I have many concerns about the final version of the crowdfunding exemption (Title III of the JOBS Act), which is very different from our original idea. Vague provisions will make it difficult to implement, the maximum allowable investments (generally 5% of net worth or annual income) are much higher than our original proposed cap of $100, and without income or net worth verification, investors stand to lose more than they can afford.
Also, the JOBS Act prohibits companies from communicating directly with potential investors other than to tell them to look at the website of a crowdfunding intermediary. We believe this defeats an important purpose of community investing – the opportunity for company principals to communicate directly with potential investors.
Since we submitted our petition, we have focused on a much better way to do investment crowdfunding. We now use a little known tool that has existed for decades called Direct Public Offerings (DPOs) that works under existing law. Yes, existing law!
DPOs are filed with the states and are screened by state level securities regulators who have a great deal of experience at spotting fraud and overly risky propositions. That is a big advantage over the JOBS Act, which prohibits state securities regulators from getting involved.
And DPOs allow public offerings of securities to all, whether wealthy or not. Any type of security can be offered (debt, equity, or anything else) and the entrepreneur sets the terms. So, business owners can keep more money in their pockets and put more Americans back to work.
In a short time, our clients have raised several million dollars from their customers, neighbors, and fans. They are raising money from the 100% – not just the wealthy.
The fate of the JOBS Act crowdfunding exemption remains to be seen, and how it was ultimately crafted leaves much to be desired, as demonstrated by the recent reported proposal to abandon attempts to prevent people from investing more than they can afford. Fortunately, we already have a powerful way to raise significant amounts of capital from the crowd.

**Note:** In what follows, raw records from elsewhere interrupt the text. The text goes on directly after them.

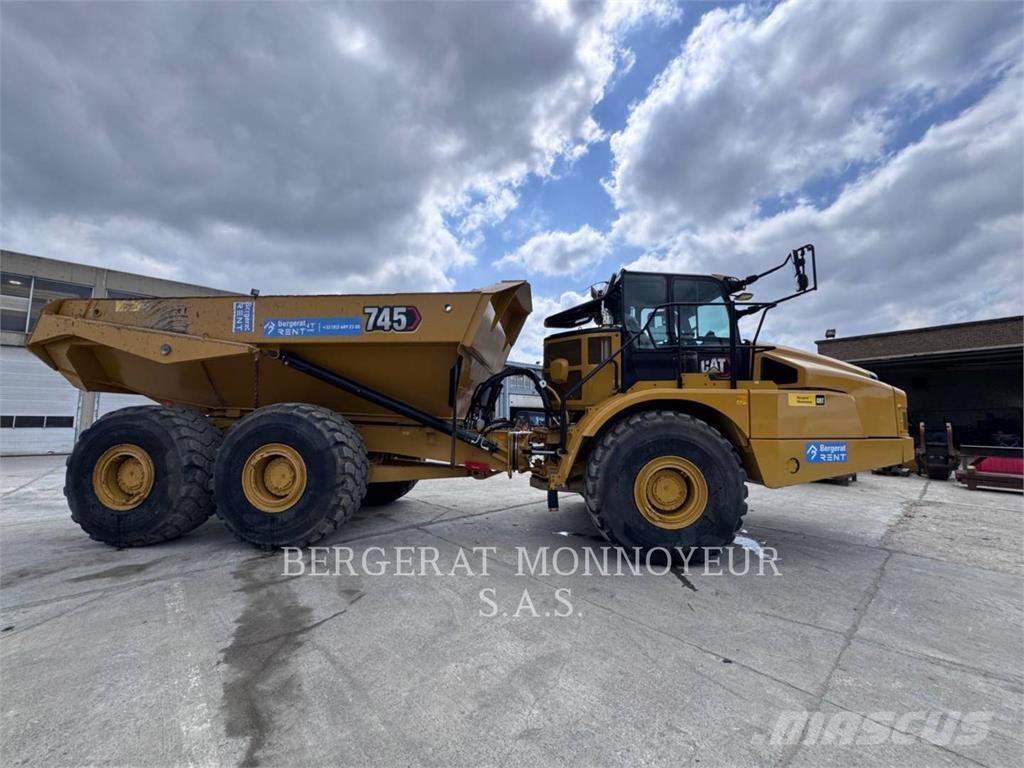 CAT 745-04 Dumpers articolati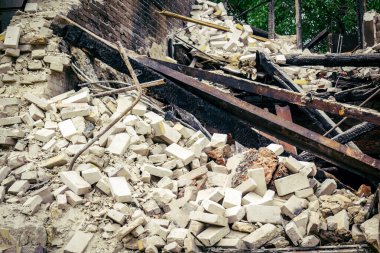 Kharkiv, Ukrayna, 12 Haziran 2025 Kharkiv 'de bir ev bir Rus İHA' sı tarafından vuruldu. Hasar çok büyüktü, ev tamamen yıkıldı, yandı ve çatı parçalandı..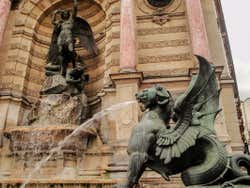 Fuente de Saint Michel
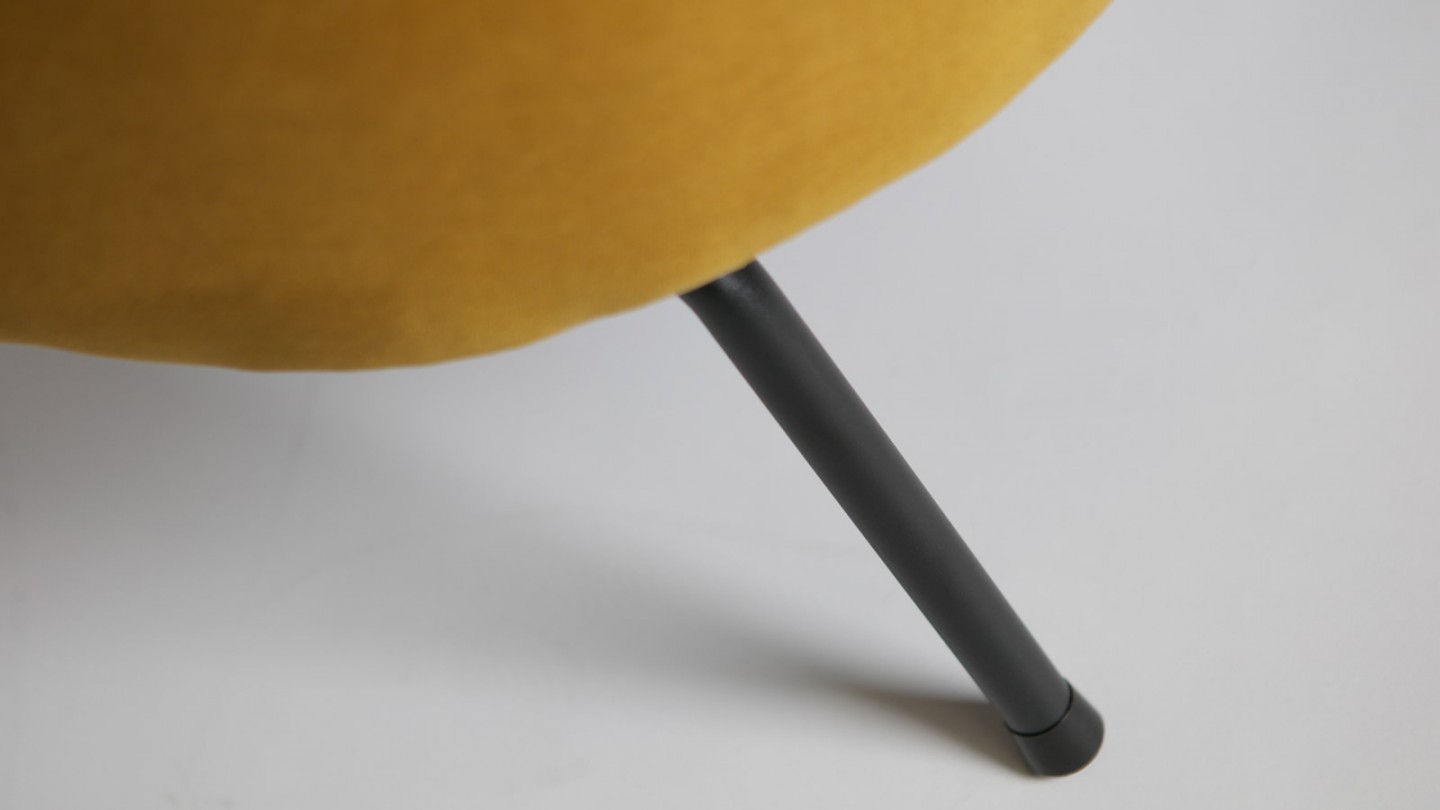 Fauteuil en velours moutarde – Collection Vogue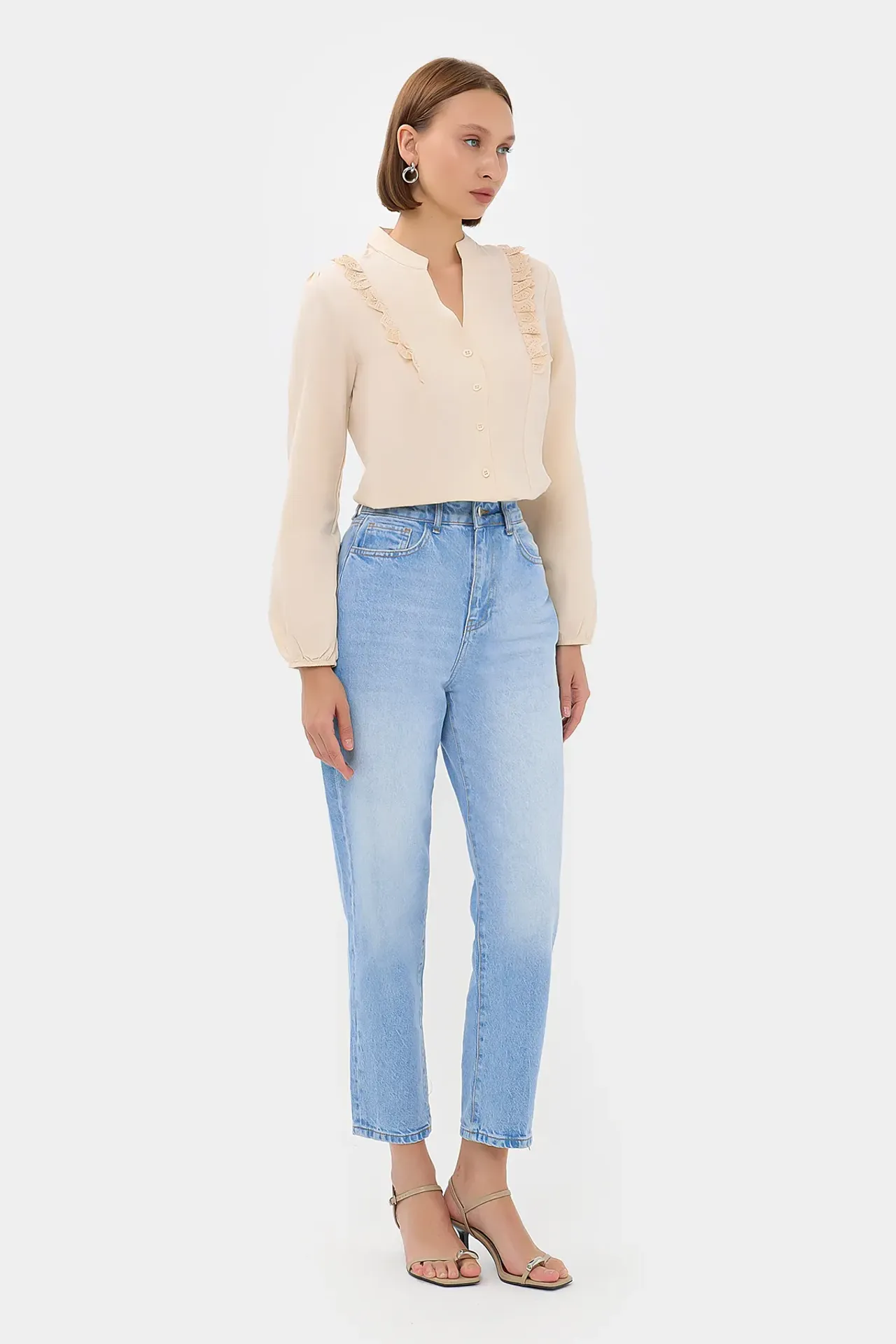 Ruffle Shirt with a Puff Sleeve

Direct Public Offerings make investing in Main Street possible today. Let’s put crowdfunding to use, and Americans back to work.
Jenny Kassan filed the original petition to the SEC to create a crowdfunding exemption in an effort to help small to medium-sized businesses, entrepreneurs, and startups. Through two years of active engagement, Kassan continued to advocate for what eventually became the Jumpstart Our Business Startups Act (JOBS Act) that was signed into law in 2012. Kassan is a managing partner in the Katovich & Kassan Law Group, is C.E.O. of the consulting firm Cuting Edge Capital, and co-founder of the non-profit Sustainable Economies Law Center. She has extensive experience with direct public offerings, nonprofit-for-profit joint ventures, cooperatives, and creative financing tools. She has a law degree from Yale and a masters in city planning from U.C. Berkeley.